Lisa Fazio, assistant professor of psychology and human development at Vanderbilt University, discusses how our fact-checking may not be as good as we think.
I study how people learn new information, both true and false, and how to correct errors in people’s knowledge. This includes how to mitigate the effects of reading false information and how to increase classroom learning. My research informs basic theories about learning and memory, while also having clear applications for practitioners, such as journalists and teachers.
Why We Stink at Fact-Checking
Let’s start with a quick quiz. How many animals of each kind did Moses take on the Ark? Did you answer “two”? Most people do … even though they’re well aware that it was Noah, and not Moses who built the ark. This Moses Illusion is just one example of how people are bad at noticing factual errors in the world around them. Even when people know the correct information, they often fail to notice errors and will then go on to use that incorrect information in other situations. We call this knowledge neglect.

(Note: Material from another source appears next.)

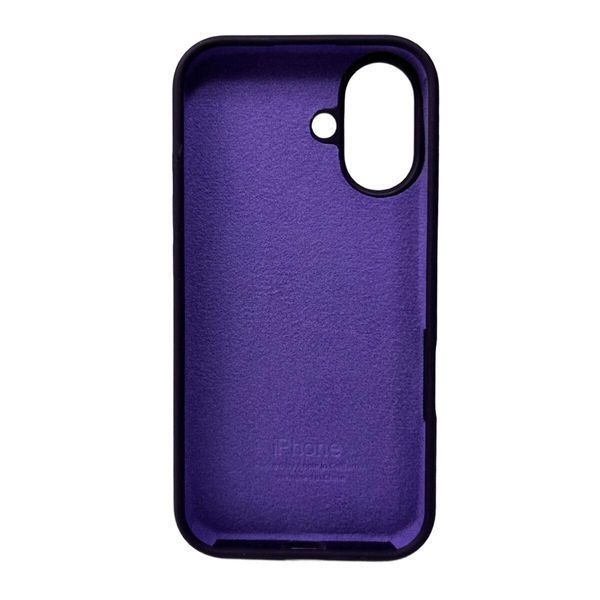 Силиконовый чехол для iPhone 16 Berry Purple 666-01161 фото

One way we study this knowledge neglect is by having people read fictional stories that contain true and false information. For example, a story about a summer job at a planetarium might correctly refer to Neil Armstrong as the first man on the moon, but incorrectly state that Saturn is the largest planet.
On a later trivia test, participants are less likely to correctly recall that Jupiter is the largest planet and are more likely to believe the correct answer is Saturn. Even if they were previously knew that the largest planet was Jupiter.
So, what can we do to prevent this knowledge neglect? Increased knowledge seems to help, but it doesn’t solve the problem. For example, people don’t try and answer the question “How many animals of each kind did Nixon take on the Ark?” But, even many biology graduate students don’t notice the error in “During which trimester can a single embryo split to form fraternal twins?”
The one thing that does seem to help is to act like a professional fact-checker. When participants are instructed to edit the story and highlight any inaccurate statements, they are less likely to learn the incorrect information.